DATA RECORDS
------
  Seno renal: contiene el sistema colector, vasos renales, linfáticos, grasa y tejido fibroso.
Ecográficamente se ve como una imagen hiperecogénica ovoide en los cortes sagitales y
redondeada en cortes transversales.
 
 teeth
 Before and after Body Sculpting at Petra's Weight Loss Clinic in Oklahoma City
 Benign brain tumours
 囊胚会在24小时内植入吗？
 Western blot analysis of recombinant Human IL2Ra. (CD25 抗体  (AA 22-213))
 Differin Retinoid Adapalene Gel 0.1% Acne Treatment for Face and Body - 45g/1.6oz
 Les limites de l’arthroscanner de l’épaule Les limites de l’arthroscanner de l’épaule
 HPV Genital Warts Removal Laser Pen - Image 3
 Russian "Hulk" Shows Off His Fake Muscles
------
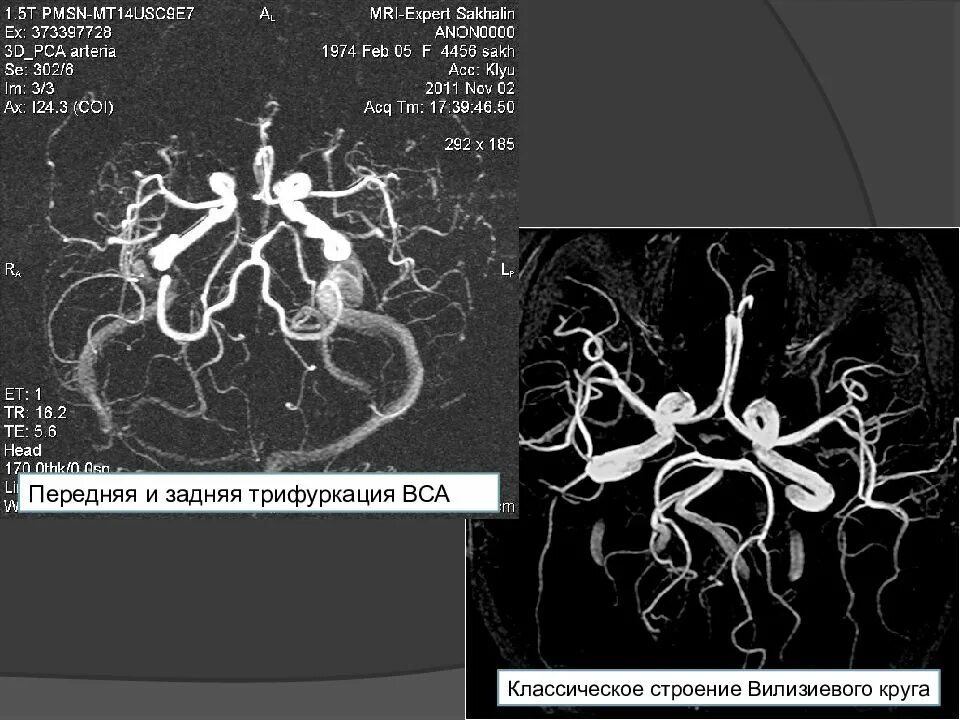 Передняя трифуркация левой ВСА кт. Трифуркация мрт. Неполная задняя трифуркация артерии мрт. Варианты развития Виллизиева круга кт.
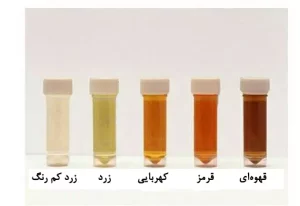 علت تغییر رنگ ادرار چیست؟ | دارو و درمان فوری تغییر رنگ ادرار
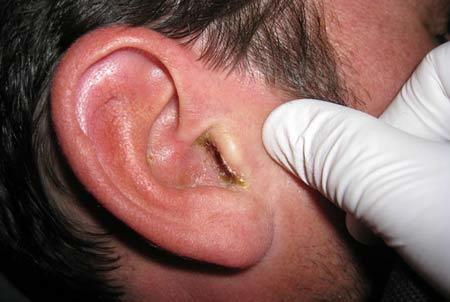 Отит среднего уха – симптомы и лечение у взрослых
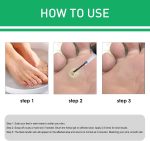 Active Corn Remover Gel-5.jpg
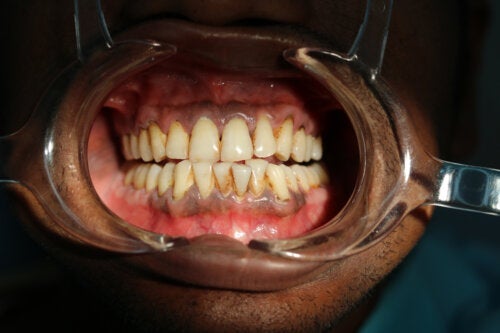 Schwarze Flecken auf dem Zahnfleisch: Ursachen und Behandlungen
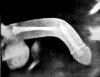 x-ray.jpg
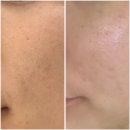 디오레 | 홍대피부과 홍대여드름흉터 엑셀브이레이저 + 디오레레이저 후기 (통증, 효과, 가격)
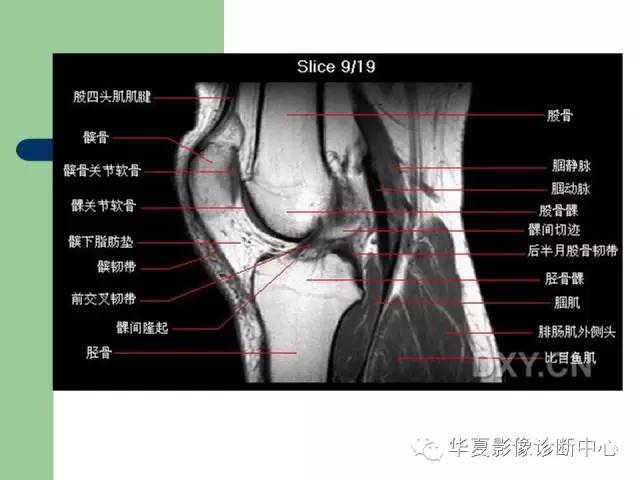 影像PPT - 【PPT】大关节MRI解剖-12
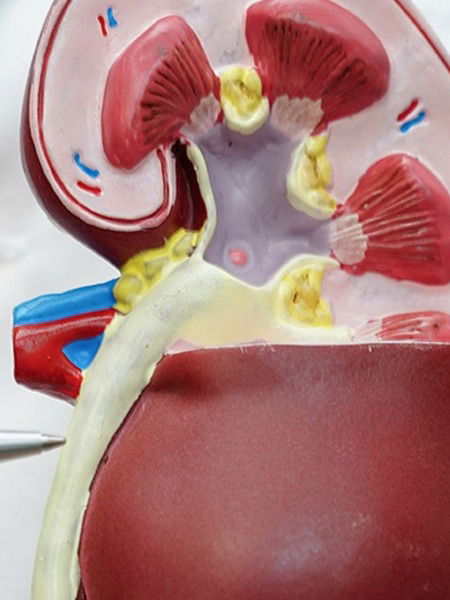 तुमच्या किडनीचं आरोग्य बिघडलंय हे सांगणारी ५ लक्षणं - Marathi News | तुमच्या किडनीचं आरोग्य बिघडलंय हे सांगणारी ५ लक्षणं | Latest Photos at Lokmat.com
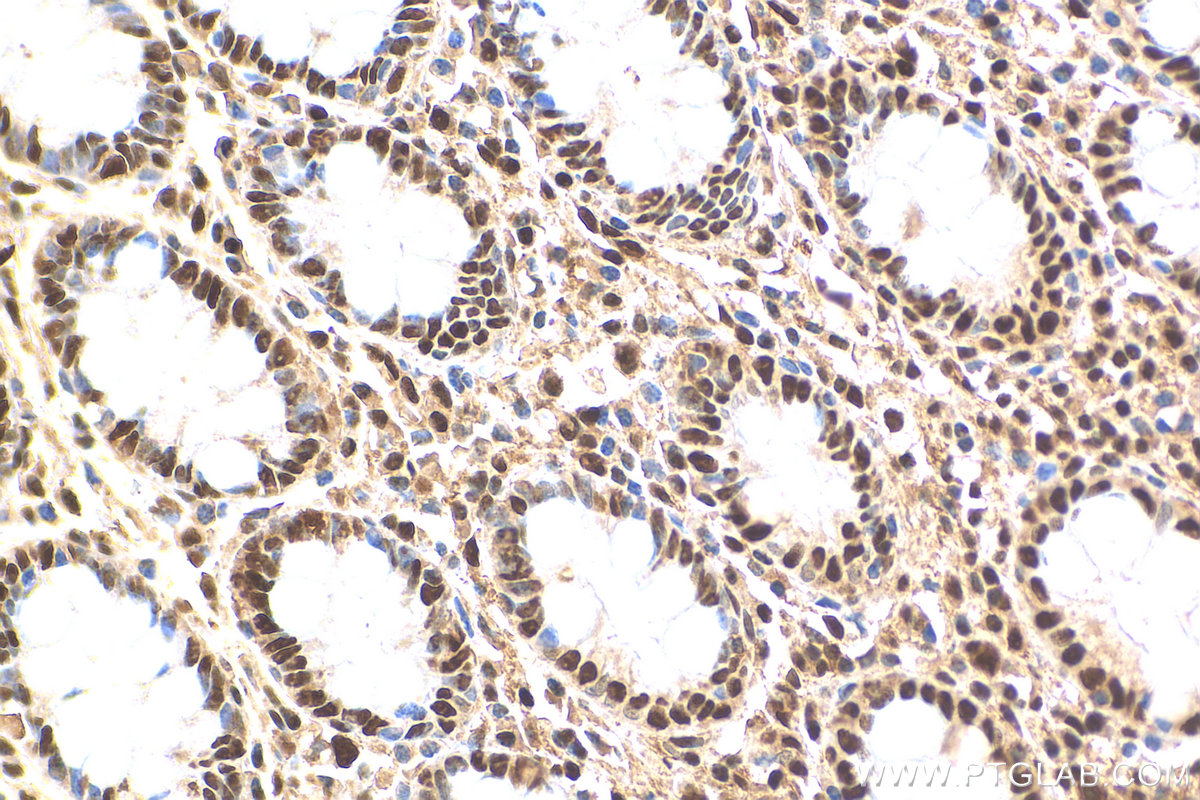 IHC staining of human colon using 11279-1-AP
------
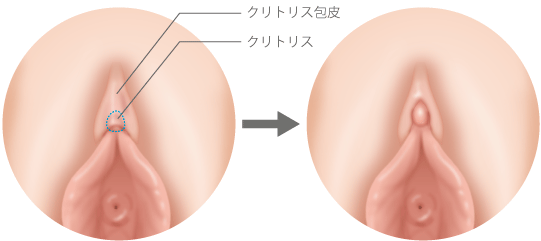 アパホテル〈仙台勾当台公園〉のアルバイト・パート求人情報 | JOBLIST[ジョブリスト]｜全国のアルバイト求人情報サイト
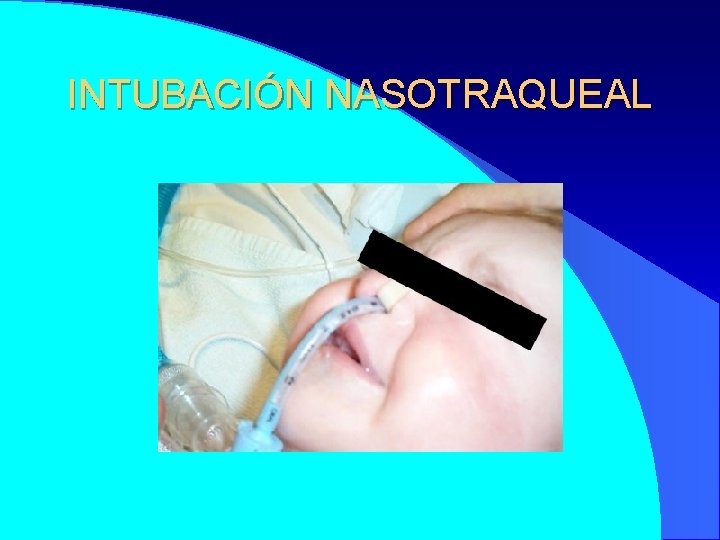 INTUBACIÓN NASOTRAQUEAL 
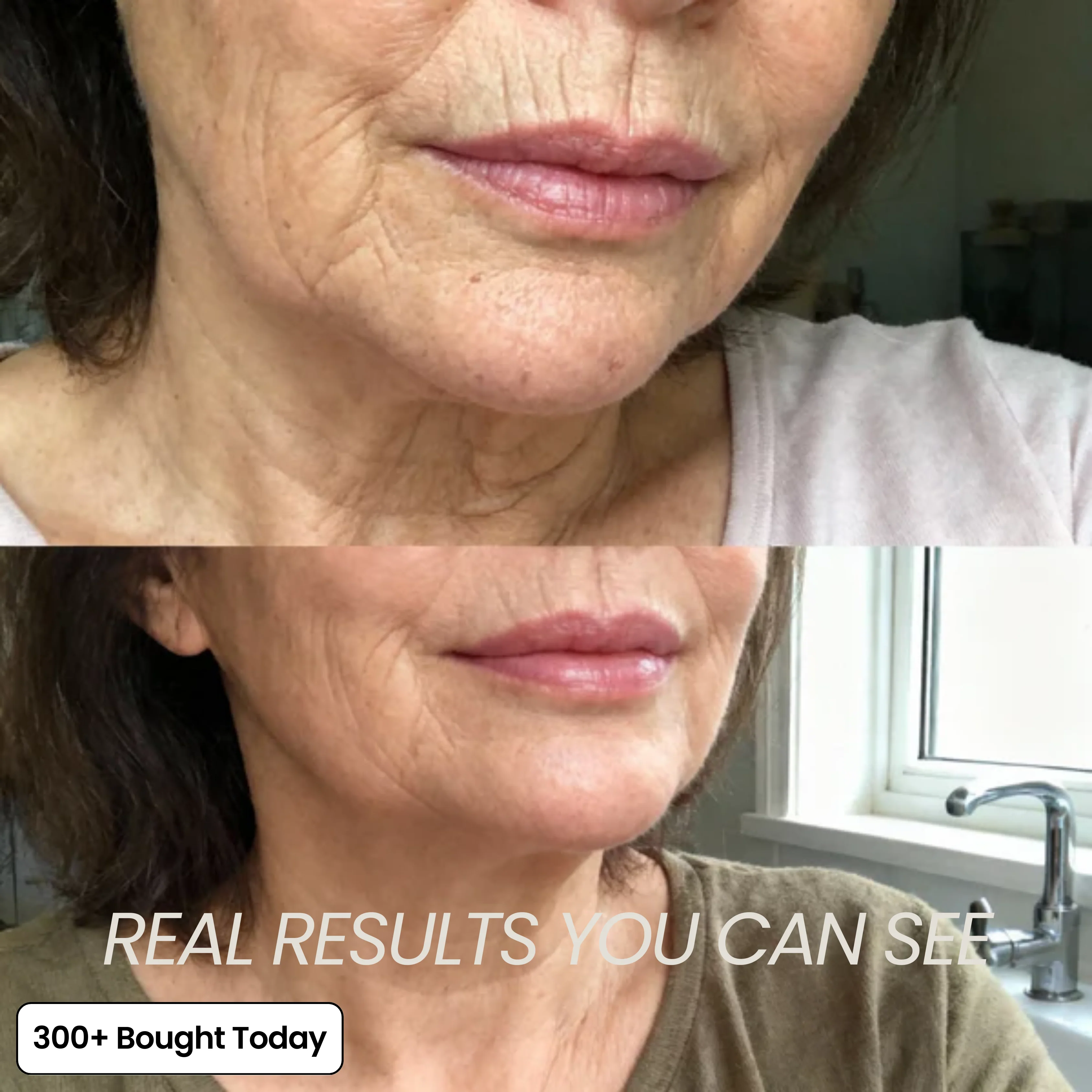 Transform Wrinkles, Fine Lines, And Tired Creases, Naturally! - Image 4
------
DESCRIPTION OF THE TASK
Restate the lines above from the one containing "तुमच्या किडनीचं आरोग्य बिघडलंय हे सांगणारी ५ लक्षणं - Marathi" through the one containing "IHC staining of human colon using 11279-1-AP", inclusive, exactly and without pictures.

WRITTEN SOLUTION
 तुमच्या किडनीचं आरोग्य बिघडलंय हे सांगणारी ५ लक्षणं - Marathi News | तुमच्या किडनीचं आरोग्य बिघडलंय हे सांगणारी ५ लक्षणं | Latest Photos at Lokmat.com
 IHC staining of human colon using 11279-1-AP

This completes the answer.